Them sound like fighting words. Honestly, it is hard to see how Al Sharpton can redeem himself after this latest scandal, but the truth is, he always does. However if what is alleged turns out to be true, we now have concrete proof that Sharpton, as well as other civil rights institutions, are in it for themselves. Now I’m not saying that Sharpton and these institutions have not served a valiant purpose, but allegedly accepting payoffs to be quiet on discrimination – and basically keep the community in check – is the worse kind of gatekeeping.

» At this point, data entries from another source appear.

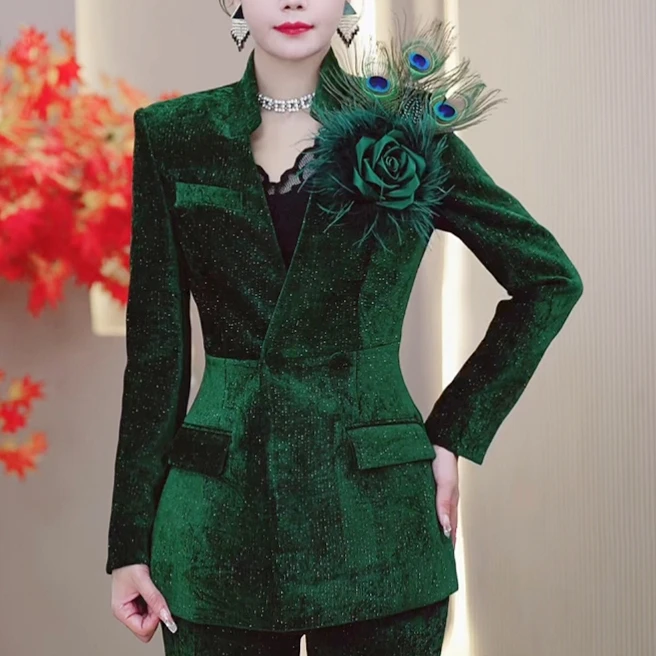 2024秋冬加厚套装孔雀绿高定西装礼服设计款羽毛胸花西装两件套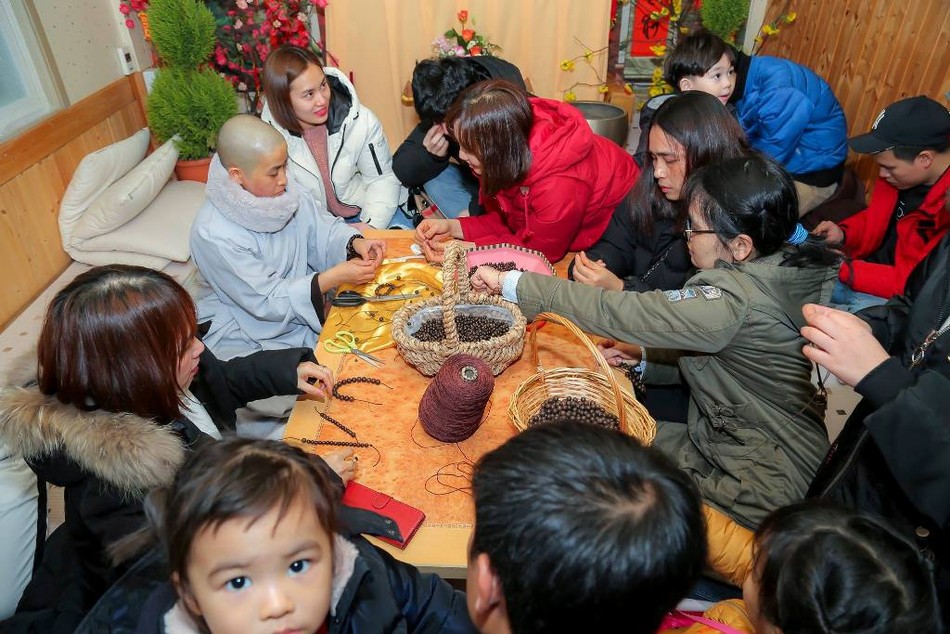 Chùa Việt khắp nơi đón Tết ảnh 11 H15.jpg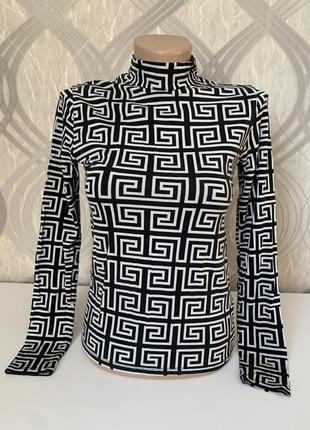 Жіноча водолазка з принтом в грецькому стилі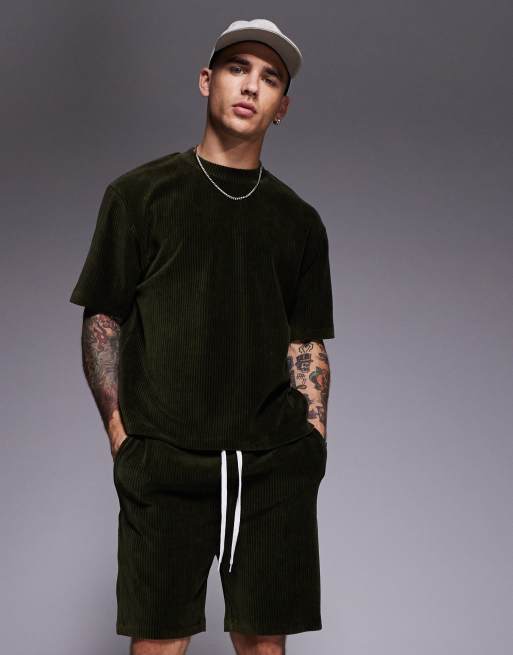 ASOS DESIGN - T-shirt décontracté coupe carrée d'ensemble en velours côtelé - Vert foncé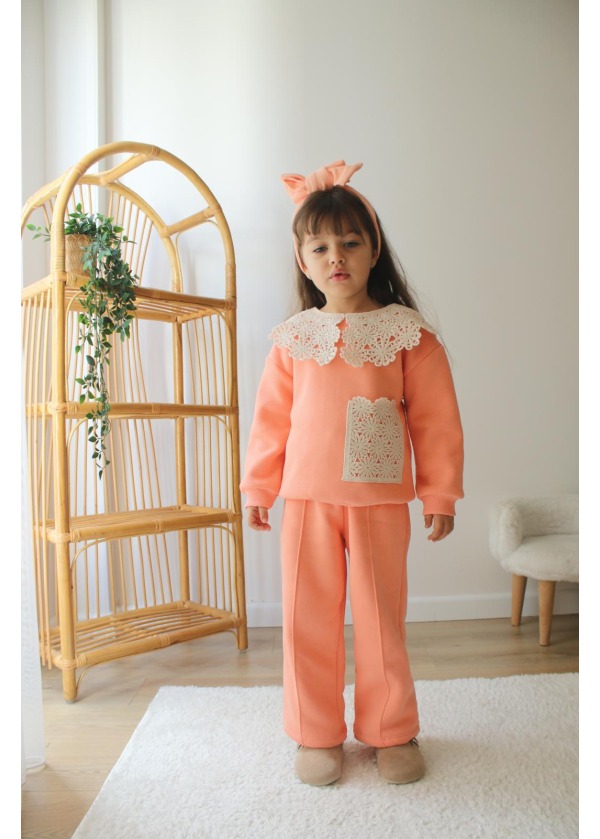 SOMON RENKLİ YAKA-CEP NAKIŞ İŞLEMELİ KIZ ÇOCUK ALT ÜST TAKIM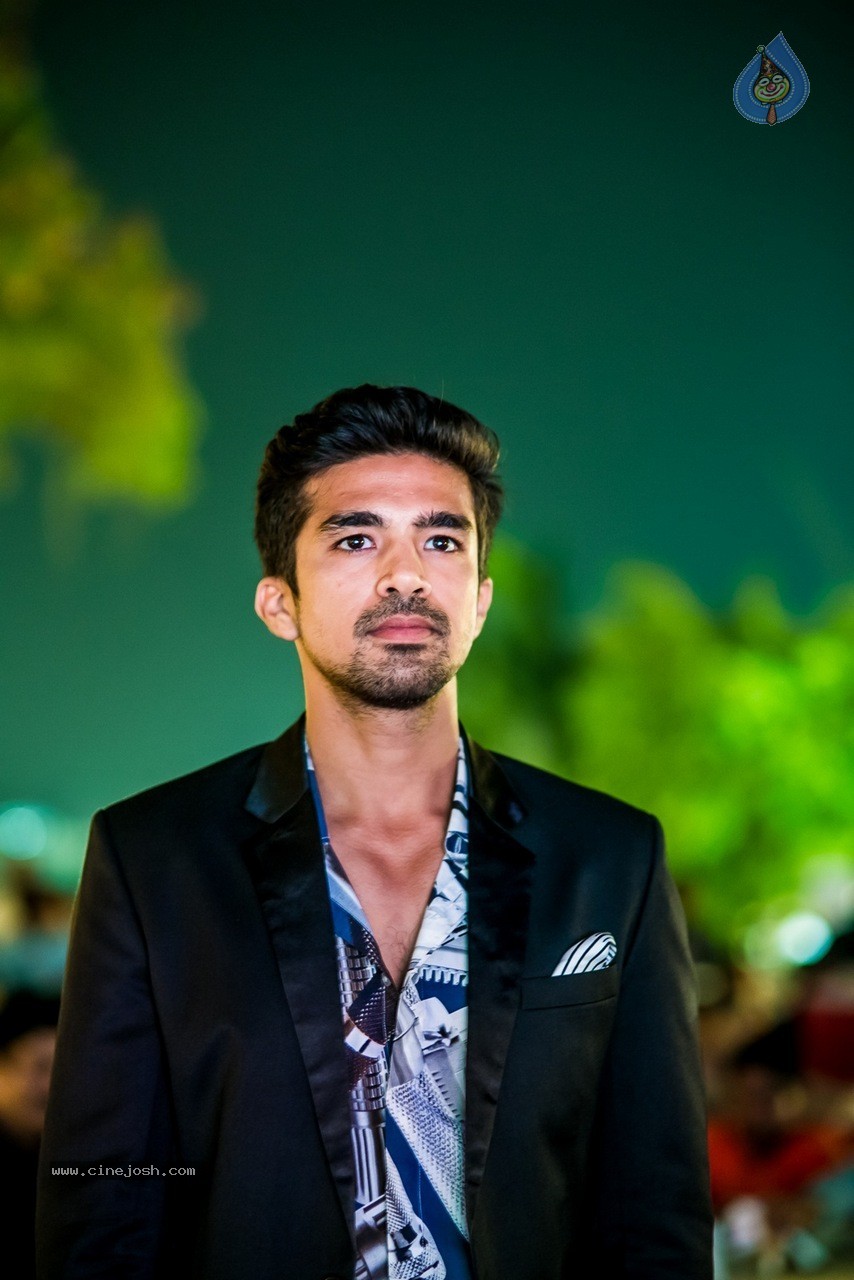 Celebs at Hundred Hearts Glamorous Charity Dinner 01 - 26 / 105 photos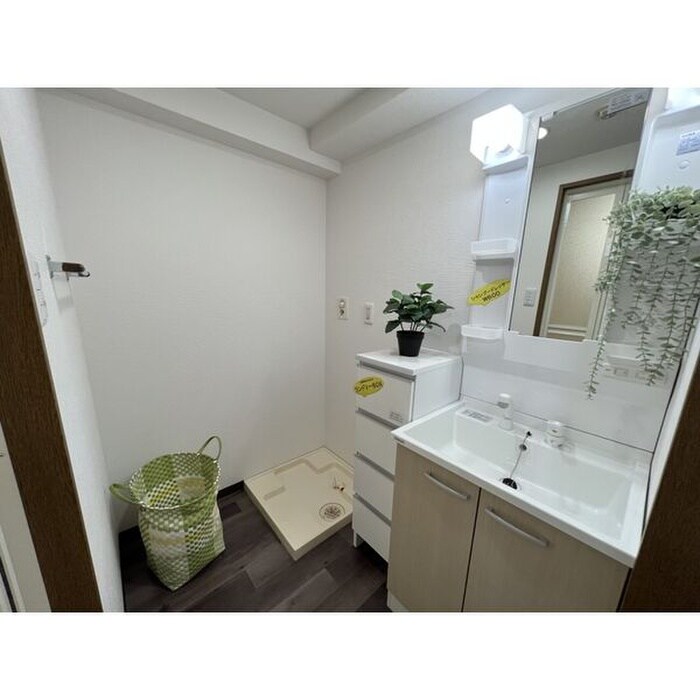 物件内観写真7　(洗面)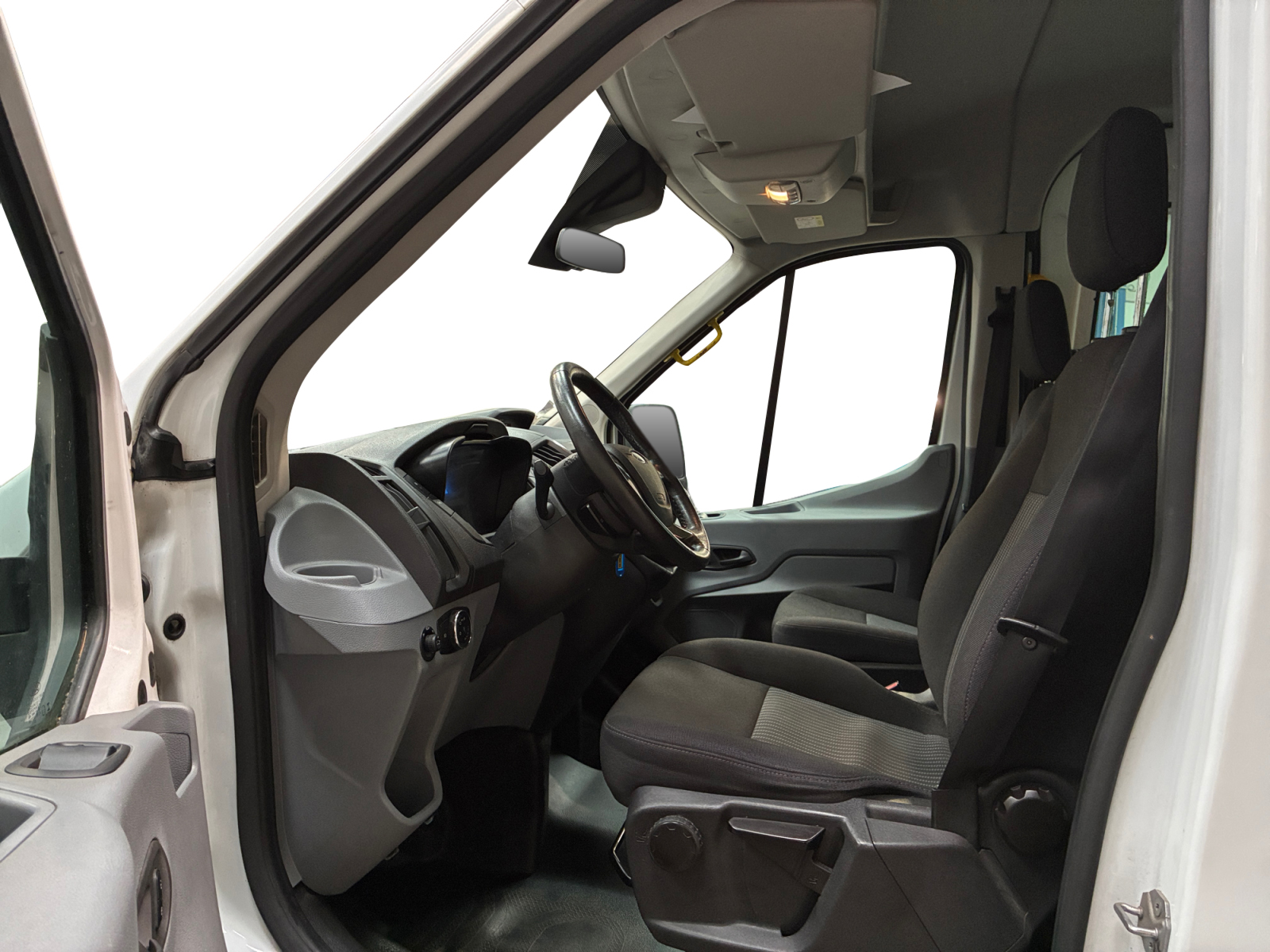 FORD TRANSIT KOMBI TPMR T330 L2H2 2.2 TDCi 125 Trend 2016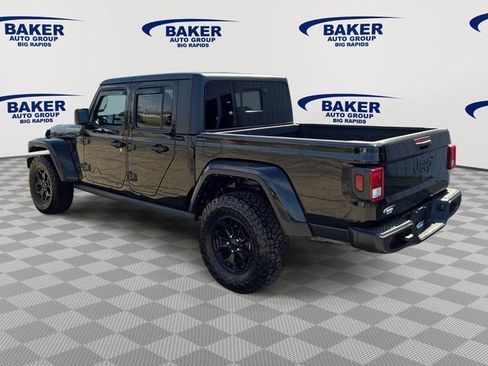 Used 2022 Jeep Gladiator Sport AWD/4WD image 4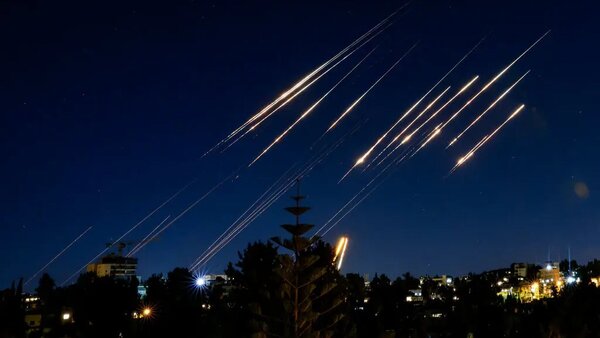 این حرکت ایران مقامات اسرائیل را دوپاره کرد ؛ اسرائیلیها در چه روزی به دنبال توقف جنگ با ایران افتادند موشک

And those looking to have their causes particularly around racial discrimination legitimized in the mainstream, might not want to associate themselves with any of these characters.

And before folks start pumping the Black fist for Allen, he also makes some rather harsh statements about Barack Obama as well:

““I think that Obama uses him to control the Negroes,” Allen said of Sharpton.

DC has been taking payoffs. Comcast owns every politician in that town including President Obama,” Allen said, noting Comcast executives’ fundraising for the president.“Obama has been bought and paid for.”

President Obama, you control a couple billion dollars in advertising. What have you done to make sure African-American owned media is participating in government advertising? We got more respect from President Clinton.”

Shame on you, President Obama,” Allen said.“I think African-Americans would have done much better with a white president. They are murdering us on the street and murdering us in the boardrooms.”

I don’t have a problem with critique the Administration. And truthfully, I wish more of it would happen. However everything is political. And Allen has been pretty quiet about his feelings of the POTUS, as well as Obama’s lack of concern for the interest of the Black community, for most of his two-terms, only to get all gully when it serves his own interest. So while I’m not a fan of Sharpton’s alleged corporate shilling and feel that Allen raises some great points, I’m not so certain I’m willing to jump on the Allen bandwagon just yet.